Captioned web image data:
[Start of section]
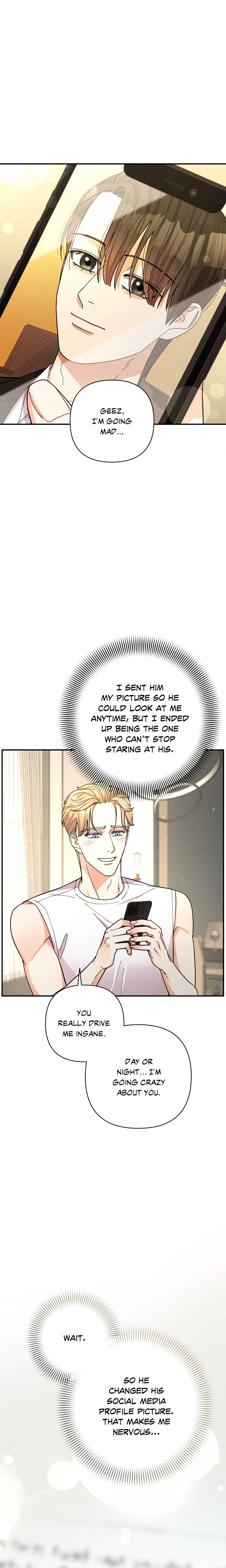 Radiant Darkness (Uncensored) Page 3 - MangaHe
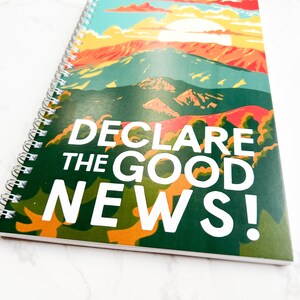 JW Convention Notebook 2024 Declare the Good News International ...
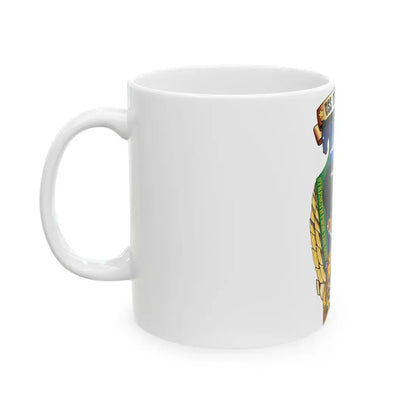 USS North Dakota SSN 784 (U.S. Navy) White Coffee Mug - Go Mug Yourself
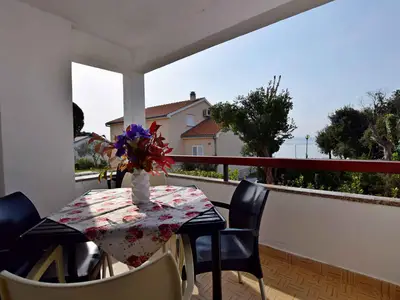 Ferienwohnung für 5 Personen (65 m²) in Petrčane 10/10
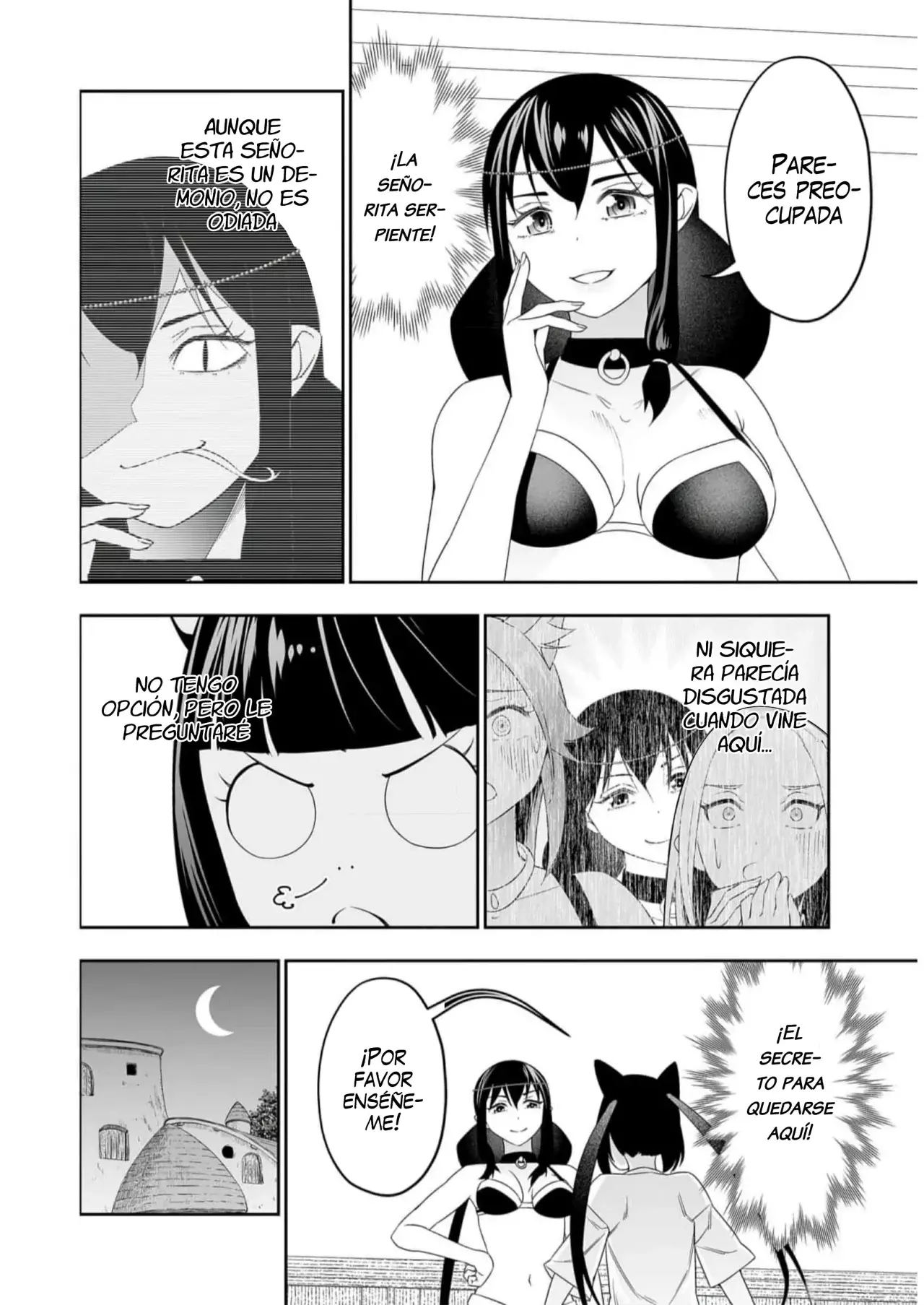 Bocchi Tenseiki capítulo 30, página 20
[End of section]
— ACTION ITEM —
The required output is each line above restated verbatim, with all images omitted.

— EXERCISE RESPONSE —
 Radiant Darkness (Uncensored) Page 3 - MangaHe
 JW Convention Notebook 2024 Declare the Good News International ...
 USS North Dakota SSN 784 (U.S. Navy) White Coffee Mug - Go Mug Yourself
 Ferienwohnung für 5 Personen (65 m²) in Petrčane 10/10
 Bocchi Tenseiki capítulo 30, página 20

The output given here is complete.